A proposito di redenzione, però. Che redenzione. Il film si ferma nel momento in cui, per rinascere a vita nuova, Aretha Franklin decide di incidere un disco gospel. E per farlo ritorna in chiesa, alla New Temple Missionary Baptist Church di Los Angeles. Quel concerto diventerà Amazing Grace, il suo disco più venduto e anche un film, dallo stesso titolo, che è appena uscito sui nostri schermi, girato da Sidney Pollack. È il miglior modo per chiudere un film. Anzi, il modo migliore è vedere la vera Aretha che canta (You Make Me Feel Like) A Natural Woman. A proposito, qualche tempo fa vi avevamo raccontato come una serie di oggi come The Handmaid's Tale avesse scelto questa canzone (e I Say A Little Prayer) per dare un messaggio molto forte in una delle puntate. Quando canzoni di oltre quarant'anni riescono ancora a suonare così potenti, e a veicolare messaggi così attuali, vuol dire che parliamo di grandi canzoni.
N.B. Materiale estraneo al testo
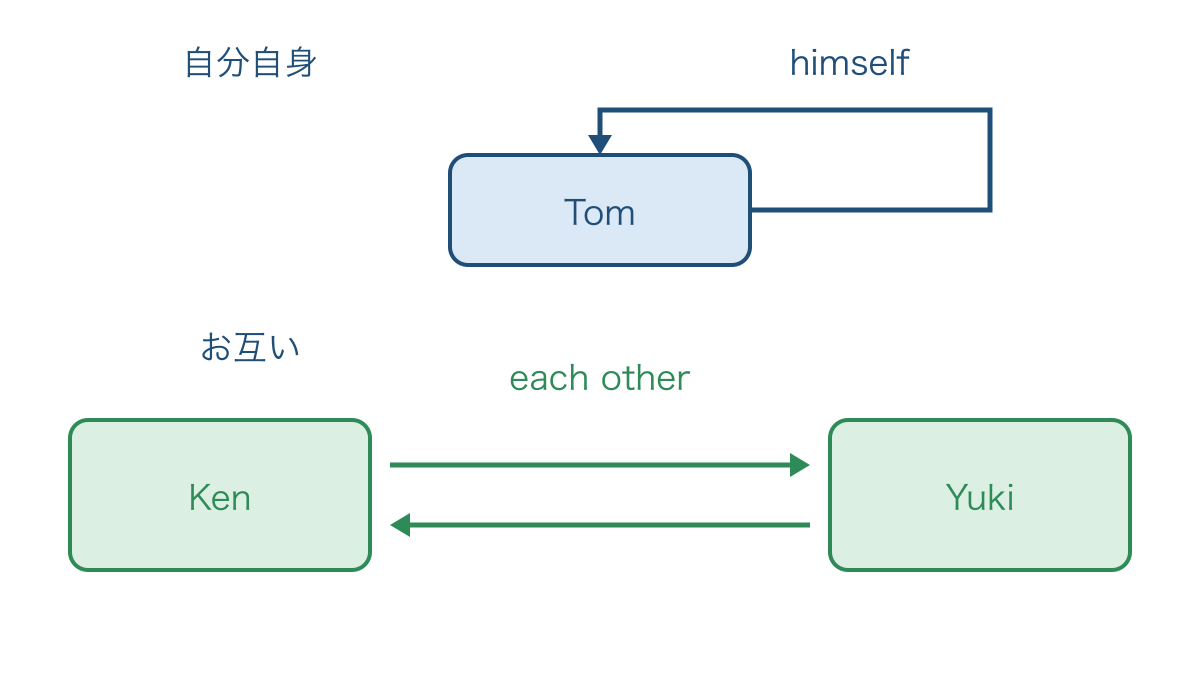 図3 himselfは本人へ戻りeach otherは相手へ向かう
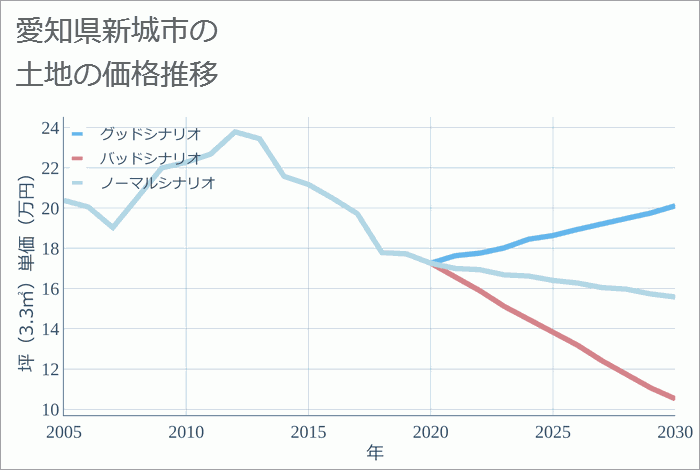 愛知県新城市の土地価格推移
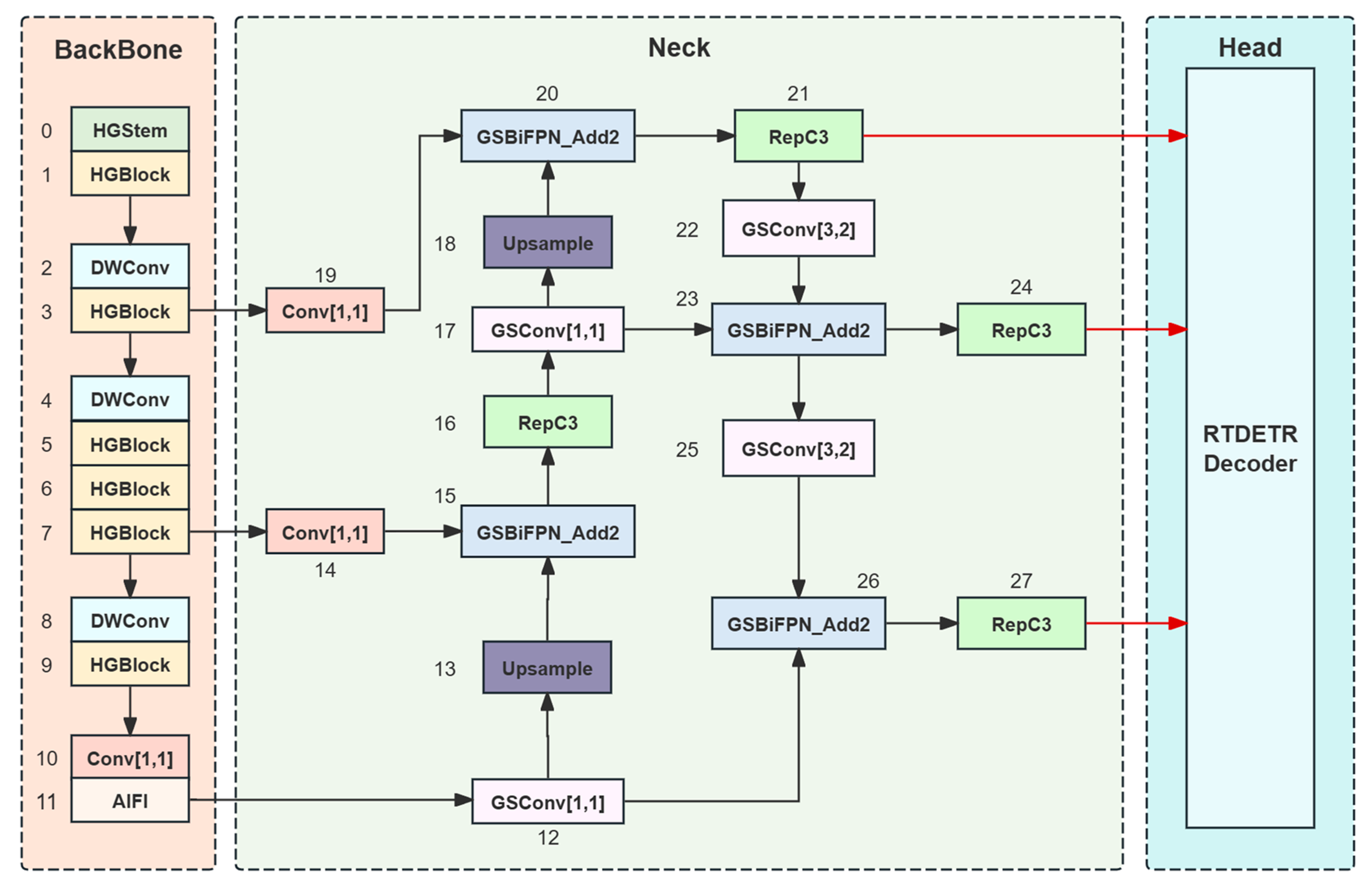Agriculture 14 00961 g004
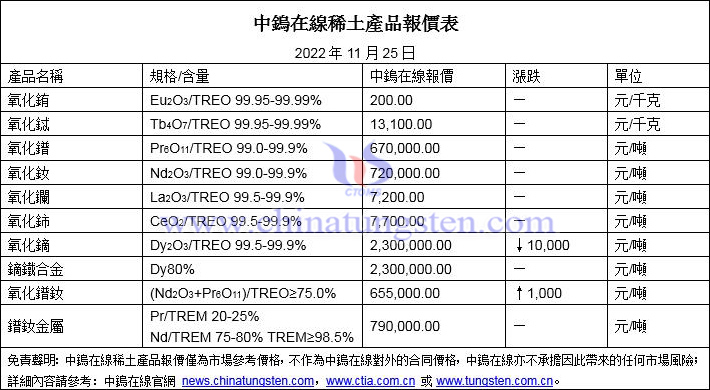 2022年11月25日稀土價(jià)格圖片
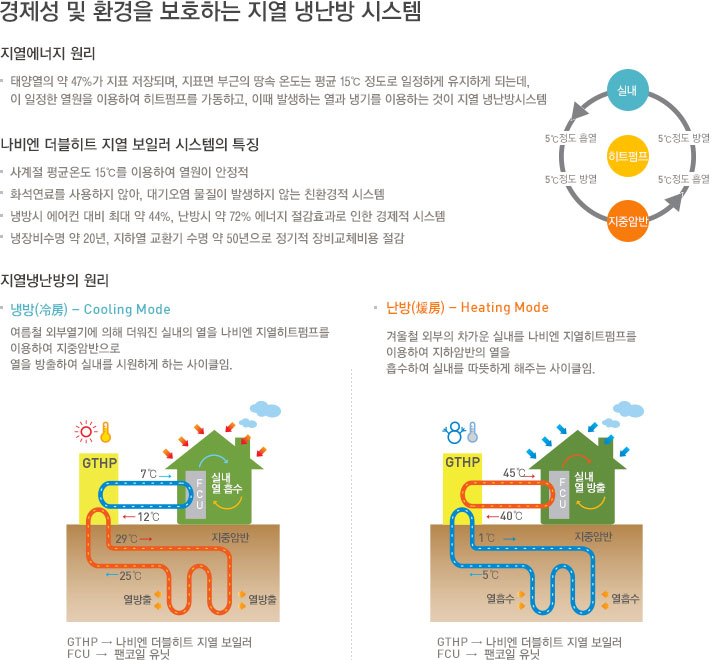 환경을 보호하는 시스템
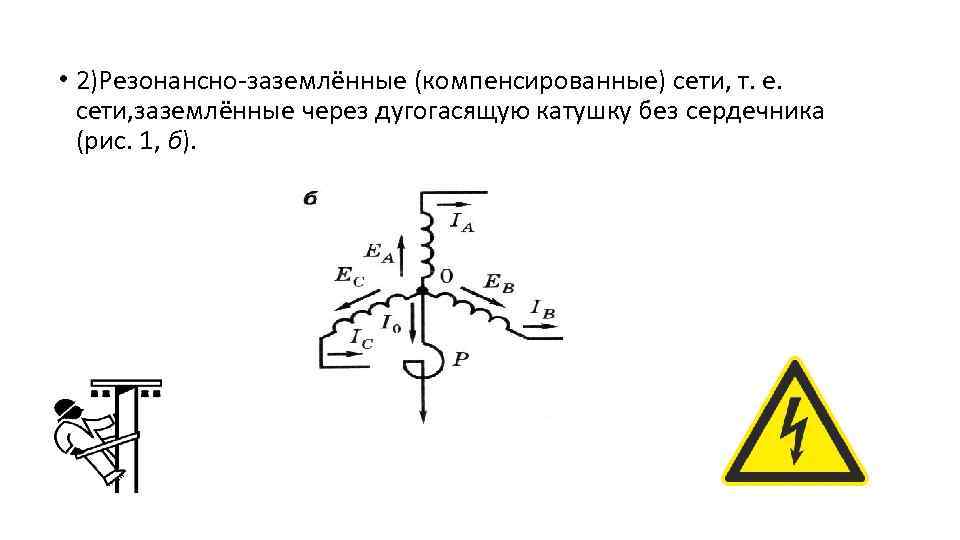  • 2)Резонансно-заземлённые (компенсированные) сети, т. е. сети, заземлённые через дугогасящую катушку без сердечника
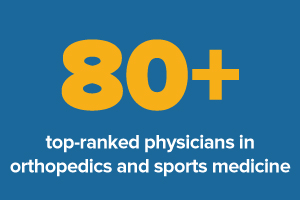 Text Graphic: 80+ top ranked physicians in orthopedics and sports medicine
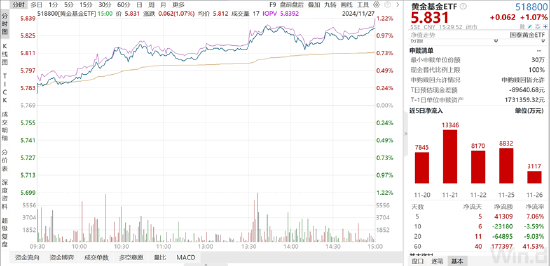 ETF日报：全球地缘动荡频发，推动资产储备多元化，黄金作为安全资产的需求持续提升，关注黄金基金ETF-第2张图片-乐修号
E grandi artisti.

Conclusioni

Nella recensione di Respect vi abbiamo parlato di un film denso. Denso di musica, di canzoni, di fatti, significati. Forse troppi. È un film iperattivo, come era diventa la stessa Aretha a un certo punto della carriera. È anche un biopic classico, che segue uno schema ormai collaudato quando parliamo di biografie musicali al cinema.

Movieplayer.it
3.0/5
Voto medio
3.5/5

Perché ci piace

  • Il messaggio, attualissimo, di una donna in cerca di libertà e rispetto.
  • Jennifer Hudson, eccezionale in un ruolo che le calza a pennello.
  • I momenti in cui canzoni come Respect prendono vita per diventare immortali.

Cosa non va

  • Il tono è spesso quello della soap opera, difetto di molti biopic musicali.
  • La regia è molto classica e compassata, il messaggio del film meritava di più.
  • Lo schema ascesa-caduta-redenzione ormai scontato in tutti i biopic di questo tipo.